Dolle Mina
Dolle Mina

Why women's rights remain under threat, but scientists still have reason to celebrate

Enormous steps have been made in gender equality since the nineteenth century, but in the past few months many achievements are at risk of being rolled back. Historian Marloes Hülsken explains how far we have come in two centuries and why women can't rest on their laurels. ‘Many discussions about women's emancipation and gender have an open ending.'

Fifty-five years after their first protest, the Dolle Mina’s (a Dutch social movement) are back. Women's rights are under pressure worldwide, and as a result, more and more people are becoming concerned and taking action to address the issues. This means that both the Dolle Mina’s of 1970 and those of 2025 are part of a feminist tradition that dates back to the nineteenth century.

To tell the history of feminism, historians often speak of feminist waves. ‘The first wave began around 1870 when groups of women, called suffragettes, started campaigning for the right to vote and better access to work and education, just like labour movements,’ says Hülsken, assistant professor of gender history at Radboud University. ‘From the 1960s onwards, new women's movements emerged that campaigned for the right to abortion, contraceptives, an end to double standards of sexuality, better access to education and a redistribution of paid and unpaid labour.’

Marloes Hülsken

Rights on tap

Some experts now say we are in the third wave, while others say there have already been four waves. ‘There is some debate about the concept of  waves,’ says Hülsken. ‘It suggests that feminism comes and goes, but action is constantly being taken for many of the themes. In addition, the comparison with waves gives the impression that the women's movement is a single entity. In reality many movements sometimes acted jointly and sometimes stood up for very specific groups of women, for example for the rights of lesbian women or Black women.
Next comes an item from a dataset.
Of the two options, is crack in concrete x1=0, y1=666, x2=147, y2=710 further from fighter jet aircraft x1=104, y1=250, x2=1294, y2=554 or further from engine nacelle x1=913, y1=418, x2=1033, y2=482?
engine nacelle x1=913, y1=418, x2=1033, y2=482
These movements sometimes overlapped but also occasionally clashed.’

Still, others argue that we live in a post-feminist era in which the feeling prevails that full equality has been achieved. ‘This neoliberal post-feminist vision does not help to solve persistent problems such as violence and discrimination against women,’ says Hülsken What's more, denying structural inequality can lead to the sudden reopening of discussions about rights that are considered self-evident but which have been hard-fought, such as the right to abortion. 'Unfortunately, we see that many discussions about women's emancipation and gender have an open ending and that there can always be a moment when the rights of women, but certainly also of other marginalised groups, are once again jeopardised. You see this happening at the moment, both nationally and internationally, under the influence of anti-gender movements and parties, as a result of which LGBTIQ+ rights and, in particular, the rights of transgender people are being threatened and restricted. Various politicians label gender as a major danger and a threat to the social order.’

Not just about women

According to Hülsken, this social backlash is currently much less prevalent in the scientific community. She points to the rapid growth of gender studies in recent decades, both in research and education. The Nijmegen research institute Gender & Diversity Studies, which emerged directly from the women's movements of the seventies and eighties and which celebrates its fortieth anniversary this year, has played a special role in this. Nijmegen was the first university in the Netherlands to have a Gender Studies institute. ‘Gender has now become established as a research category in the most diverse fields.’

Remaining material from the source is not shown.